Australian political commentator (born 1998)

Hannah Ferguson (born 1998) is an Australian author and political commentator. She is the founder of social media news account Cheek Media.

==Early life==
Hannah Ferguson studied law at the University of Queensland. She later worked for the Queensland Department of Public Prosecutions and served as an officer for the Electrical Trades Union. Her father was a truck driver and her mother was a small business owner.

==Career==
Ferguson launched progressive social media news company Cheek Media in late 2020. She came up with the idea for Cheek Media in 2019 while volunteering at a feminist not-for-profit known as the One Woman Project when it was managed by Kristin Perissinotto. Perissinotto and Ferguson launched and published two editions of a bi-annual magazine called RARA. Perissinotto was later involved with the creation of Cheek Media, she was involved with the company until 2022. In 2023, Ferguson launched the podcast Big Small Talk alongside Sarah-Jane Adams. In July 2026, Cheek had about 4,000 paid subscribers on Substack, 252,000 followers on Instagram and 137,109 listeners to her podcast Big Small Talk. Cheek Media also has a presence on TikTok and organises live shows.

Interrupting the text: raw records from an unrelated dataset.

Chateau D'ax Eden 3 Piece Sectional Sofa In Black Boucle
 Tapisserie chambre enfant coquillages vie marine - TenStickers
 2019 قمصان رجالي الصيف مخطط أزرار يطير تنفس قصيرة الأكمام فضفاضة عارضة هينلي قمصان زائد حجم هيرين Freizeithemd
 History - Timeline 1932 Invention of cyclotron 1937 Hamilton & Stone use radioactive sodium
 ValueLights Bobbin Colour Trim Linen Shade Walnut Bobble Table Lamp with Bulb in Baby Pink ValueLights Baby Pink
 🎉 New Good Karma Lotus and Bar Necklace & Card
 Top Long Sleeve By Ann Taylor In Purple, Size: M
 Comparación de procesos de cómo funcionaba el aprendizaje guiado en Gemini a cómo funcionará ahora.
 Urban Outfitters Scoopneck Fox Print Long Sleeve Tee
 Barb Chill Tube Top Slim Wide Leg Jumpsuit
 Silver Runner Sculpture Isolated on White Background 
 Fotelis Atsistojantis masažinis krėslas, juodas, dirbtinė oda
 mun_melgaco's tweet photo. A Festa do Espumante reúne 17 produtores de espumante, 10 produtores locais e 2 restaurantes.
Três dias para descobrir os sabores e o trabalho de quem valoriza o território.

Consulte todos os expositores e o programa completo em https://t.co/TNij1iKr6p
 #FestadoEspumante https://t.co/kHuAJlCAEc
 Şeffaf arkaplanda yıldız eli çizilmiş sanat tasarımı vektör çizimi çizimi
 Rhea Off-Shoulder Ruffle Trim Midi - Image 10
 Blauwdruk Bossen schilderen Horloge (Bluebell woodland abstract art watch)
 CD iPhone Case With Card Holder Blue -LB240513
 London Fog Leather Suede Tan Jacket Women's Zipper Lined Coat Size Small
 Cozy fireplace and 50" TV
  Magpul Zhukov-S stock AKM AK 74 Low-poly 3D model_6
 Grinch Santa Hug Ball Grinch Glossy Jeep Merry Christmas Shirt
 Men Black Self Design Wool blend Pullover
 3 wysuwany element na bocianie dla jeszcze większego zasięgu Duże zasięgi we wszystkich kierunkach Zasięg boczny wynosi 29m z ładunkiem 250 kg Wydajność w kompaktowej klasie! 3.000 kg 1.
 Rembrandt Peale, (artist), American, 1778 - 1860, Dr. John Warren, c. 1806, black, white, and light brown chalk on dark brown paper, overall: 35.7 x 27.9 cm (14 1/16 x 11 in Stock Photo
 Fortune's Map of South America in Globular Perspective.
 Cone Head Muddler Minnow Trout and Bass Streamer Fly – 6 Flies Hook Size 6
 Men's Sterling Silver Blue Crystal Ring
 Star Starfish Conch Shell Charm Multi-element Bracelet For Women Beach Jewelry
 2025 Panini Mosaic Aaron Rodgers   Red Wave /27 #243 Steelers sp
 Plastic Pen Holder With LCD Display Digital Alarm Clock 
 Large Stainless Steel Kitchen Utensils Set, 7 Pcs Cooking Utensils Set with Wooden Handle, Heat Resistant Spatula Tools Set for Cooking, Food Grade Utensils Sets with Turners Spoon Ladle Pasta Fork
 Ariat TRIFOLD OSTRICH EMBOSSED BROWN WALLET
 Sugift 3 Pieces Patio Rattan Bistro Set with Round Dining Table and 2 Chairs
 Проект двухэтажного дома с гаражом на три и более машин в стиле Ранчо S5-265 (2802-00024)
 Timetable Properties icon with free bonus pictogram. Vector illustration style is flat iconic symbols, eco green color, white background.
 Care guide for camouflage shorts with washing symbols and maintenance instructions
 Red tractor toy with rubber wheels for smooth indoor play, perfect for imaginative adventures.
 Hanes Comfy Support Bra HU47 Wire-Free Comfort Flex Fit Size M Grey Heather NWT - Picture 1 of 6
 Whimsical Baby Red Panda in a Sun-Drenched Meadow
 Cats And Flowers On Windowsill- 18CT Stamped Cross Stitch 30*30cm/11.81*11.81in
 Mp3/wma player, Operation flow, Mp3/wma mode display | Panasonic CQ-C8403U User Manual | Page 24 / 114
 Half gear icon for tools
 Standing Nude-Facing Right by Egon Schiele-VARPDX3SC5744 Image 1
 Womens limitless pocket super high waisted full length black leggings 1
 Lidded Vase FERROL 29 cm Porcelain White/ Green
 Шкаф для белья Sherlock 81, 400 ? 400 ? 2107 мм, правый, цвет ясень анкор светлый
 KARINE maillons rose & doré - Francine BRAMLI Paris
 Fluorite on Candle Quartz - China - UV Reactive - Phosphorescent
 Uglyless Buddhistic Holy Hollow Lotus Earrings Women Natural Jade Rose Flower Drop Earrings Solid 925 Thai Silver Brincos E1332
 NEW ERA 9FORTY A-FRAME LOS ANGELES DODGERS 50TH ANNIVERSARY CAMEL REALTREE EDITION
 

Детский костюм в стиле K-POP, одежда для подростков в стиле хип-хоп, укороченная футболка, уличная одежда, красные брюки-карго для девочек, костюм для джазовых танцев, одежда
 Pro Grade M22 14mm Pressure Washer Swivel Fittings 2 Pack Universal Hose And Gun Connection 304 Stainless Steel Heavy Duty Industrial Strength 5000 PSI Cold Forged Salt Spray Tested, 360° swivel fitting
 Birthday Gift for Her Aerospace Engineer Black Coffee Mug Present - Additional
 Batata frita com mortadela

In 2023, Ferguson launched a book titled Bite Back: Feminism, media, politics, and our power to change it all. She authored another book titled Taboo that was released in November 2024.

At the National Press Club in May 2025, she announced her candidacy for the next Senate election in New South Wales. Her speech at the National Press Club also included calls to address a perceived lack of transparency around political content on social media and challenged traditional media narratives.

Ferguson announced her candidacy at the next federal election for Grayndler against prime minister Anthony Albanese in July 2026.

==Personal life==
Ferguson was born in 1998 in Marrickville where she currently resides with her partner who is a lawyer. Ferguson grew up in Ingleburn and Orange. Her mother is Phillipa Mitchell, a professional bra fitter.